Die Wiesenweihe, so hat Andreas König beobachtet, brütet beispiels­weise häufig in Wintergersten­feldern. Weil die Jungvögel in der Regel erst in der zweiten Julihälfte flügge werden, gilt es, die Nester vor dem Mähdrusch zu orten. Das funktioniert im Kreis Soest recht gut, berichtet der Landwirt, der sich als stellvertretender WLV-Kreis­ver­bands­vor­sitzender regelmäßig mit vielen Berufskollegen austauscht.

Landwirte, Jäger und Naturschützer sind gleichermaßen daran interessiert, die bedrohten Vögel zu schützen. „Als Jäger bemühe ich mich beispielsweise, Fressfeinde wie Fuchs und Marder kurzzuhalten“, erklärt König. Zudem werden alle entdeckten Nester markiert. Zudem wird bis zum Ausfliegen der Jungvögel eine etwa 50 x 50 m große Schutzzone abgesteckt, die erst später geerntet wird. Den Ertragsausfall bekommen die Bauern vom Land NRW ersetzt.

Start- und Landebahnen

Interessanterweise scheinen die Wiesenweihen konventionell bewirtschaftete Äcker zu bevorzugen. Das hängt mit den Fahrgassen zusammen, vermutet der Landwirt, die in konventionellen Getreideschlägen oftmals rund einen halben Meter breit und kaum bewachsen sind. Diese Fahrgassen werden von den Vögeln als willkommene „Start- und Landebahnen“ benutzt.

Gegenüber den sogenannten Lerchen­fenstern hat die Nutzung der Fahrgassen für die Vögel sogar Vorteile, erklärt An­dreas König und erzählt dazu eine Anekdote: Vor einigen Jahren begutachtete er zusammen mit einem Prüfer seine damals zahlreich angelegten Lerchenfenster, als eine Rabenkrähe zielstrebig heran flog. Diese stieß in der Nähe des Fensters hinunter und flog nach einigem Geschrei mit einem Kiebitzküken im Schnabel wieder davon.

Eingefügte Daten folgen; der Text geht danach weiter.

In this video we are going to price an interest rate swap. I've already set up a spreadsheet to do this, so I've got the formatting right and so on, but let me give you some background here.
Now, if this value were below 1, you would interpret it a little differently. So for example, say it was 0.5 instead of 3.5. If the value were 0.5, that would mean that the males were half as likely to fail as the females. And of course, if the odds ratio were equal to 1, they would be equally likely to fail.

„Offenbar haben die schlauen Vögel gelernt, dass in der Nähe der Saatfenster einfach Beute zu machen ist“, so König. Falls Lerche, Kiebitz und Co. ihre Jungen da­gegen in der Nähe einer Fahrgasse aufziehen, kommt dafür praktisch der gesamte Getreide­schlag infrage. Die Chancen, dieses Nest zu entdecken, sind ungleich geringer.

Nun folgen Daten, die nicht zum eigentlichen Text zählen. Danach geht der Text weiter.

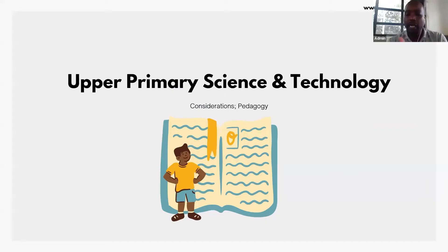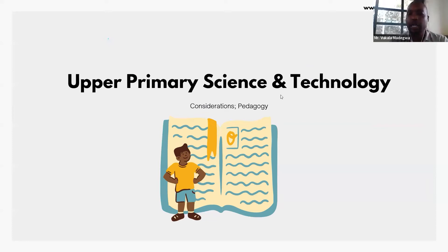We are going to look at important considerations when dealing with science and technology, and the second one we are going to look at is pedagogical approaches towards teaching science and technology.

Mit 10 % Ackerfläche dabei


Andreas König hat sein Vogel­schutz-­­Engagement jedenfalls angepasst. Lerchenfenster legt er nicht mehr an. Dafür beteiligt sich der Landwirt mittlerweile mit 10 % seiner Ackerfläche am Natur-, Arten- und Vogelschutz. Er baut aktuell zehn (!) verschiedene Ackerfrüchte an und nimmt an mehreren Vertragsnaturschutz­maß­nahmen wie dem Anbau von Sommergetreide mit doppeltem Reihenabstand oder der Brache mit Selbstbegrünung bzw. mit Aussaat einer regionaltypischen Blühmischung teil. König hat zudem zahlreiche Blühstreifen oder -flächen angelegt und beteiligt sich mit weiteren Teilflächen am Projekt „Blühendes Band durch Bauernhand“ der Stiftung West­fälische Kulturlandschaft.

Andreas König setzt auf Artenvielfalt. (Bildquelle: Heinz-Georg Waldeyer )

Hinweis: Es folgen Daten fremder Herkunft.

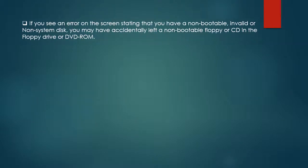If you see an error on the screen stating that you have a non-bootable, invalid or non-system disk, you may have accidentally left a non-bootable floppy or CD in the floppy drive or DVD-ROM. Remove those from the computer.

Das alles geht natürlich nicht zum Nulltarif. Wer sich aktiv am Artenschutz beteiligt, muss für diese gesellschaftliche Aufgabe auch eine Gegenleistung erhalten, findet der Landwirt: Die Vertragsnaturschutz­maßnahmen beispielsweise werden über den Kreis bewilligt und aus EU- sowie nationalen öffentlichen Töpfen gefördert.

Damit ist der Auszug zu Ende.